There is a large sign on the door at our local grocery store saying “masks required—see manager if you cannot comply.” They would have asked this man what he needed, pulled his order for him and brought it out to his car. This girl had probably been told to stop anyone who wasn’t wearing a mask and was just doing her job.
I don't think she worked there. She was wearing no identification marking her as a store employee---she was just another shopper.
While I appreciate his sacrifice, when in a business, state, or municipality that requires it, he has to wear a mask. His service to our country and limitations due to injuries incurred during that service doesn’t matter to COVID.
I enforce occupancy and mask rules for the public at work. I hear all sorts of reasons and see all types of paperwork, but ultimately our governor says we have to mask up and our business supports that initiative. If people have limitations that prevent wearing a mask, I understand that, but the same rules that exist for all disabled people also apply to those who can’t wear masks... The requested accommodation must be reasonable, and cannot compromise the safety of the business, its assets, its employees, or people serviced by the business, and it must not infringe upon the rights of the business, its employees, or others. Not wearing a mask indoors violates all three of these guidelines.
I think what we need to be having is a nationwide discussion on how there is an ingrained ableist belief that being disabled means you get to conduct yourself however you want. That one can say “I’m disabled” and that’s synonymous with saying you’re untouchable and can do what you want. You get to the front of the line at Disney, you have people fawn on you, and you have a whole set of rules that make things easier for you than everybody else. Being disabled is not a declaration of entitlement, it is a way to denote you need special support to utilize a service others without a disability access.
I have a disability....several, in fact, and I can tell you from experience that very few of us try to "game the system". I have never tried to use my limitations as an excuse. I
have, on occasion, tried to use them as an
explanation---but I have regretfully discovered that a goodly portion of the world doesn't give a good rat's behind about my problems. If accommodating my disability means it causes problems for them, they couldn't care less if I lay in a ditch and die.
It's usually not a major problem for me, because when confronted with such behavior I usually blow a gasket, leave the establishment, and never set foot inside again. Menard's lost me as a customer for that very reason last spring; I'd been a lifelong customer of Menard's, used to shop there all the time. But due to virusophobia, they had installed
Geheime Staatspolizei agents inside their entrances, who were extremely unpleasant. An encounter with one of these charming individuals caused me to leave the establishment, and I will never spend one thin red cent at a Menard's again. Never. They are a private establishment, and they have the right to set their own rules, and I do not dispute that. I, however, have the right to shop where I feel appreciated and valued as a customer, and Menard's told me that I was not valued by way of their stormtroopers. I will never shop there again for the rest of my life.
There was another case, about a decade or so ago, at a local theme park. A young lady who was working there was going to meet her fiancé there when she got off work, and they were going to go out to dinner. The fiancé was a United States Marine, who had been paralyzed from the chest down in Iraq; God bless the young lady for still being true to him despite his injuries. Anyway, the future in-laws were dropping the young man off at the park to wait for her. It was late July, temperatures in the 90s, and the only shade was inside the park. He had about 45 minutes to wait until she got off her shift.
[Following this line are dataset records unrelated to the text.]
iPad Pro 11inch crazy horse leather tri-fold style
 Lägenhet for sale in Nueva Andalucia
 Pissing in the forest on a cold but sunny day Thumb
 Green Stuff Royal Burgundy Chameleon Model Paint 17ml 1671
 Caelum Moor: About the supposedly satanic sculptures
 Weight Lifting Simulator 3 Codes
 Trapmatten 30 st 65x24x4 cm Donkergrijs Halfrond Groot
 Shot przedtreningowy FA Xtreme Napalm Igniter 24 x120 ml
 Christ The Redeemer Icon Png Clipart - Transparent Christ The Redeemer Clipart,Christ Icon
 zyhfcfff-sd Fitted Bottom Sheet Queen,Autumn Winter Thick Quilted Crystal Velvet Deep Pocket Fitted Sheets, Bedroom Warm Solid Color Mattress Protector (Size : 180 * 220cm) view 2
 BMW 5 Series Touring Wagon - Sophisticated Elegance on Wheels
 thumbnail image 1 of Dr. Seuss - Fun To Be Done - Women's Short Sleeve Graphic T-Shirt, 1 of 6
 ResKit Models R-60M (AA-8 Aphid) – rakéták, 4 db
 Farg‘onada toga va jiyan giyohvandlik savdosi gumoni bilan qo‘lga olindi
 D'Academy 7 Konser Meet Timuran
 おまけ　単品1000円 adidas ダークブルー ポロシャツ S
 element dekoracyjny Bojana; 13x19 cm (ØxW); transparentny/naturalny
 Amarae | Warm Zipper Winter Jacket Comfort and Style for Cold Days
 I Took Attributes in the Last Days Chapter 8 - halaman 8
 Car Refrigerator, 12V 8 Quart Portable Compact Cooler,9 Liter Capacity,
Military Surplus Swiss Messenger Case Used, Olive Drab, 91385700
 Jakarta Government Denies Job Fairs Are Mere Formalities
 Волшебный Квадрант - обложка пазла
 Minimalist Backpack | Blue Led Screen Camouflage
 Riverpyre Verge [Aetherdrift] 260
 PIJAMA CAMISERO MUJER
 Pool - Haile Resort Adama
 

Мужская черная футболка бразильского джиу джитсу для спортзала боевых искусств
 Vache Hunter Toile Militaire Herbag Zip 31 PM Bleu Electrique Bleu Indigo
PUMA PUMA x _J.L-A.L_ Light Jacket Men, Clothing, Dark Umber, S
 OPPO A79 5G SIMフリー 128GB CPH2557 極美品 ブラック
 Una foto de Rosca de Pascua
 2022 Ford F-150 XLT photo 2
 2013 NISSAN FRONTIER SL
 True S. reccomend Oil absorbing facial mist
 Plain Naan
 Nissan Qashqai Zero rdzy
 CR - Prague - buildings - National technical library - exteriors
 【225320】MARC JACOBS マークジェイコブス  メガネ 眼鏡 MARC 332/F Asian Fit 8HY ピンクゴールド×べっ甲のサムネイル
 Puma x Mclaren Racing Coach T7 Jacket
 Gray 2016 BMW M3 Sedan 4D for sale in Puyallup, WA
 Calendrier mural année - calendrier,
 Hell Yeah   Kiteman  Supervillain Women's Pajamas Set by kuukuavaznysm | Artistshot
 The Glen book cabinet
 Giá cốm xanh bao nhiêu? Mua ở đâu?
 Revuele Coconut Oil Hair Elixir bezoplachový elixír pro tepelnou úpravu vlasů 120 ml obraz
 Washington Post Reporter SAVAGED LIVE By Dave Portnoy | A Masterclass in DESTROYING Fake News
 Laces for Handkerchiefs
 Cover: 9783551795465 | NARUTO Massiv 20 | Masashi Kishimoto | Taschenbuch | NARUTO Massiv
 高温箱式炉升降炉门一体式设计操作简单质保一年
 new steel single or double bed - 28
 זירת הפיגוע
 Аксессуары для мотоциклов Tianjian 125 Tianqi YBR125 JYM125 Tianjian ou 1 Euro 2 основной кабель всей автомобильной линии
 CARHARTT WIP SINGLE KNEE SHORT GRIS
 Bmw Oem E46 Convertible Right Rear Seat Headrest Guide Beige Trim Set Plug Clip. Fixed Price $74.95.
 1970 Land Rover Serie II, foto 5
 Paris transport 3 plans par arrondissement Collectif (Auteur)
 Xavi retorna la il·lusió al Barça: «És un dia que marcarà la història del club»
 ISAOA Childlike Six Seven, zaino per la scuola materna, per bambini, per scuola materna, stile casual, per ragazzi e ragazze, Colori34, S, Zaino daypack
The park refused to allow him to enter the park unless he bought the $30.00 ticket as an entrance fee. His father-in-law tried to reason with them, saying, "He isn't going to be using any of the rides in the park---he
can't; all he wants is to just sit in the shade until my daughter gets off shift. I can't leave him sitting out here in this parking lot in the blazing sun for nearly an hour!"
Didn't matter. The park couldn't have cared less. It was either cough up $30.00 for rides he would never ride on, or he could sit in the sun and bake, for all they cared. There was a big blowup about it in the newspapers at the time. Now, once again: they had the right to act like selfish, miserable, money-grubbing, parasitic inhuman sos-and-sos with absolutely no shred of respect or compassion; it was, after all, their park, and their rules. But the story enraged me, and I swore I would never visit that park, nor support them in any way. If they wanted to treat a disabled veteran in such a manner, then they didn't need anything from me. I have never set foot inside that park, nor will I.
I guess maybe it's just a gut reaction on my part, being a member of The Noble and Illustrious Brotherhood of Them What Has Actually Been Shot At, and I don't expect civilians to understand it, or to agree with it. But it's my perspective on this type of thing, and there it is.